House Bill 746 would, with a few exceptions, remove North Carolina's requirement for some gun owners to acquire a concealed carry permit if it becomes law.

Since fees for a concealed carry permit are paid to the Sheriff's Office, doing away with the requirement for them could take away funding for the agency.

Capt. Ray Brogden with the Wayne County Sheriff's Office said between May 1, 2016, and May 31, 2017, the agency approved 1,694 concealed carry permit applications.

This brought in about $143,990 of funding, half of which goes to the N.C. State Bureau of Investigation and the other half of which stays with the county for sheriff's office funding.

That means the Wayne County Sheriff's Office received about $71,995 in funds from concealed carry permit applications in the past year alone.

Funding from concealed carry permits, combined with fingerprinting and drug forfeiture programs allowed the sheriff's office to purchase an armored vehicle earlier this year. This funding trio also allows the sheriff's office to purchase other necessary equipment.

Previously, funds collected from concealed carry went into the agency's discretionary spending fund, but that will change this budget year.

Instead, that money will go back to the county, where the county commissioners will decide how the sheriff's office will spend the money.

Law enforcement officers, too, could face unnecessary dangers if the bill becomes law, said Sheriff Larry Pierce.

Currently, the law requires anyone seeking a concealed carry permit to be 21 years old or older, complete eight hours of classroom training, prove they have a certain level of familiarity with operating a gun and pass a test at a shooting range.

House Bill 746 would do away with those requirements.

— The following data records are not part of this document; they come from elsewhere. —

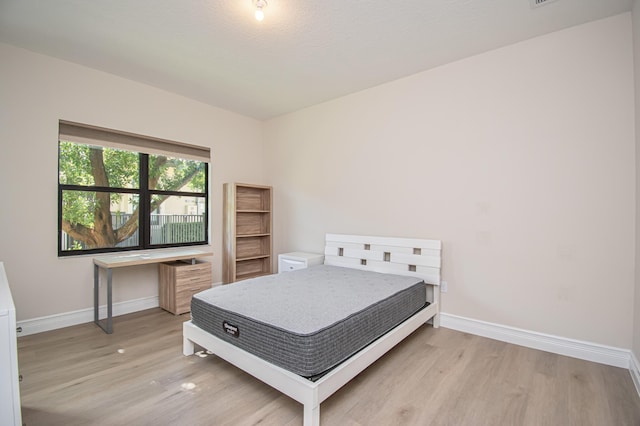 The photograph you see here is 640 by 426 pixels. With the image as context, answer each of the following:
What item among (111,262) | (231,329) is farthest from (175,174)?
(231,329)

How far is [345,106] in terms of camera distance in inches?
145

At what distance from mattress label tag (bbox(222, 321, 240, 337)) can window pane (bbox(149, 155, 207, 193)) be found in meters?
2.45

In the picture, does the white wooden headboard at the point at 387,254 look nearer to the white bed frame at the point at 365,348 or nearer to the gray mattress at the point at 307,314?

It would also allow anyone 18 or older who owns a gun legally to conceal carry a gun without a permit except for where it is explicitly prohibited.

Pierce said he opposes the age limit being lowered to 18 if the bill becomes law, and would prefer people to be required to take a class on gun safety regardless of how they are carrying their firearm.

"I still would like to see that be left at age 21 and some type of safety course that's required before carrying concealed," Pierce said. "I'd like to see that if you open carry, that you at least complete some type of safety course, but at least in open carry you do recognize immediately that somebody has a gun as you're approaching them, but for concealed carry they have to verbally announce they're carrying."

Pierce also said removing the requirement for a concealed carry permit could put deputies in greater danger during routine traffic stops.

He said concealed carry permits are currently tied to a person's license, so if a deputy runs their plates it shows the deputy whether the person has a concealed carry permit or not.

If the new bill passes into law, that would no longer be the case.

"It does raise a concern any time we are not properly notified in advance that there's a weapon that could be involved," Pierce said. "So it basically puts you on guard all the time, for every one (traffic stop)."

Pierce said even if the bill does become law, it would still be a good idea for citizens to maintain their concealed carry permit.

While North Carolina might eliminate the requirement, surrounding states have not.

Therefore, Pierce said, it would be prudent for people traveling to various states with a reciprocity program in place to maintain their permit so they can carry concealed across state lines.

North Carolina is a reciprocity state that automatically recognizes concealed carry permits issued in any other state.

Even if someone isn't traveling, Pierce said maintaining their concealed carry permit does away with the necessity for the person to acquire a purchase permit.

The bill passed its first reading in the Senate Monday.